Zeigt sich bei Unternehmen mit mehr als 250 Mitarbeitern ein steigendes Problembewusstsein für Informationssicherheit, so ist das Bild, das sich für kleine Firmen ergibt, katastrophal. Es fehlt hier oft an grundlegenden Maßnahmen sowohl organisatorischer als auch technischer Art.

Geschäftsführung fehlt Problembewusstsein

Der Hauptgrund für das schlechte Abschneiden liegt jedoch kaum an den Kosten von Produkten und Implementierung, sondern in Wirklichkeit an einem zu geringen Problembewusstsein der Geschäftsführung.

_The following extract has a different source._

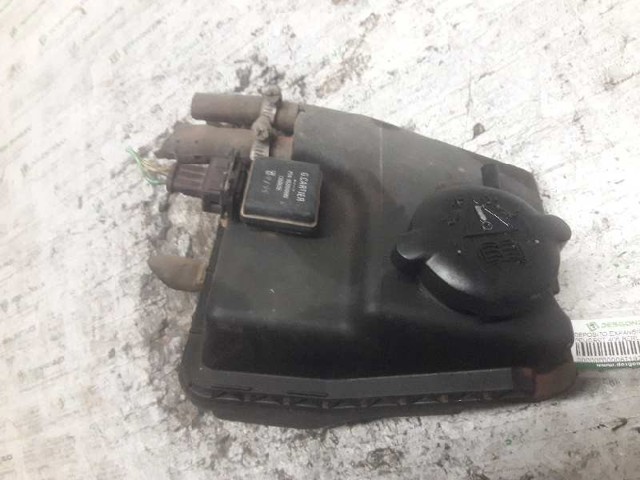 Sensor do nível do fluido de esfriamento no tanque 9620980980 PEUGEOT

Gerade in Kleinunternehmen sind die Geschäftsführer für alle Belange direkt zuständig. Die Security-Thematik steigt in der Komplexität ständig an und erfordert inzwischen das Know-how von Experten. Den Unternehmen fehlt einerseits der bewusste Umgang mit dem Risiko in der IT, andererseits steigt die Haftung für den Geschäftsführer durch immer schärfere Gesetze und Regulierungen. Ein KMU hat wenig freie Ressourcen und muss sich verstärkt auf sein Kerngeschäft konzentrieren – daher kommt der Sicherheitsbereich oft zu kurz.

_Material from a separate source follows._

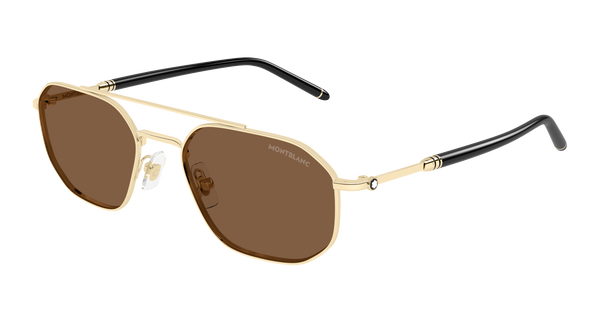 MONTBLANC MB0481S 002 55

Heute sind alle wichtigen Informationen elektronisch gespeichert, ein Ausfall von Computersystemen heißt Stillstand für das Unternehmen; keine Abrechnungen, keine Aufträge, keine Kunden sind verfügbar. Aber nicht nur Verfügbarkeit ist essentiell, auch durch Virenbefall veränderte Daten bedeuten Chaos und können den Ruin des Betriebes bewirken. Sicherheit ist unerlässlich. Eine Steigerung in diesem Bereich bedeutet auch größere Chancen am Markt, im eigenen Kerngeschäft.

Günstige Maßnahmen setzen

Durch einfache Schritte die wenig Geld kosten können bereits enorme Sicherheitsgewinne erreicht werden. Neben technischen sind hier vor allem organisatorische und persönliche Maßnahmen von Bedeutung.

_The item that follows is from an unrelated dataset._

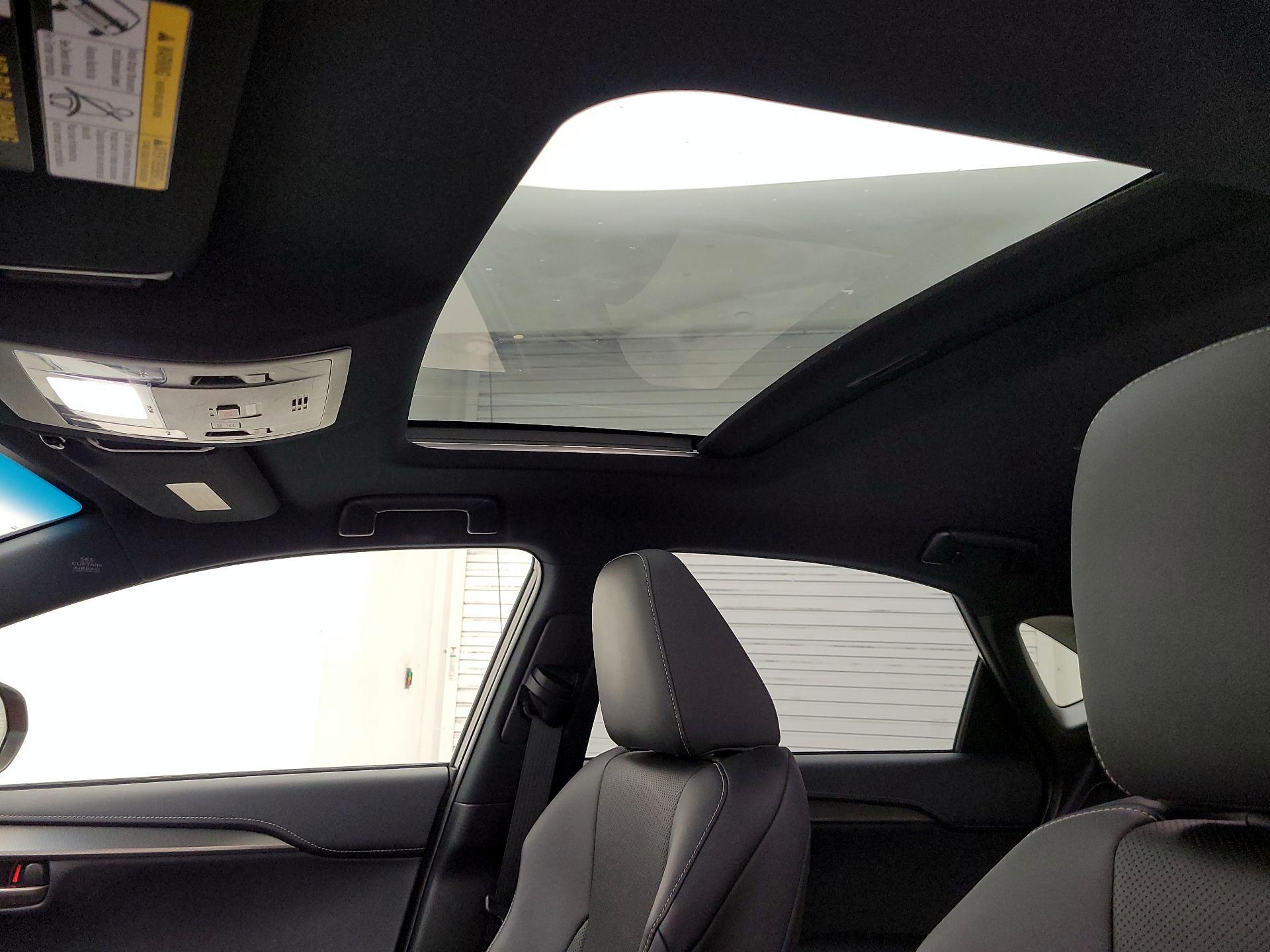 Thumbnail: 2016 Lexus NX - 20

Kurze, prägnante Richtlinien zeigen die Verantwortung des Einzelnen für Informationssicherheit auf. Vorgehensweisen für wahrscheinliche Ereignisse, wie etwa Virenbefall der IT-Infrastruktur, ermöglichen gezielte Aktionen im Notfall. Gelebtes Vorbild der Geschäftsleitung fördert das Sicherheitsbewusstsein bei den Mitarbeitern. Optimierte Ausnutzung und effizienteres Zusammenspiel bezüglich Security der vorhandenen Soft- und Hardware bringt kostenlosen Mehrwert.

Schießen Sie mit den gesetzten Maßnahmen nicht übers Ziel hinaus! Angemessenheit ist wichtig, erfassen Sie ihre wirklichen Risiken und setzen Sie dort gezielte Schritte. Auch Einfachheit und Machbarkeit ist bedeutend, Sie besitzen keine hochspezialisierte IT-Security Mannschaft.

Sollten Sie selbst kein entsprechendes Know-How im Unternehmen haben, so scheuen Sie nicht die Hilfestellung durch Security-Experten einzufordern. Es zahlt sich bereits kurzfristig aus.

Security ist Chefsache

Überleben des Unternehmens wird in unserer technisierten Welt immer mehr zur Frage der Sicherheit von Informationen. Die Verantwortung dafür liegt eindeutig bei der Geschäftsleitung. Planen Sie als Unternehmer rechtzeitig, was Sie machen können und was Sie machen müssen, um konkurrenzfähig zu bleiben.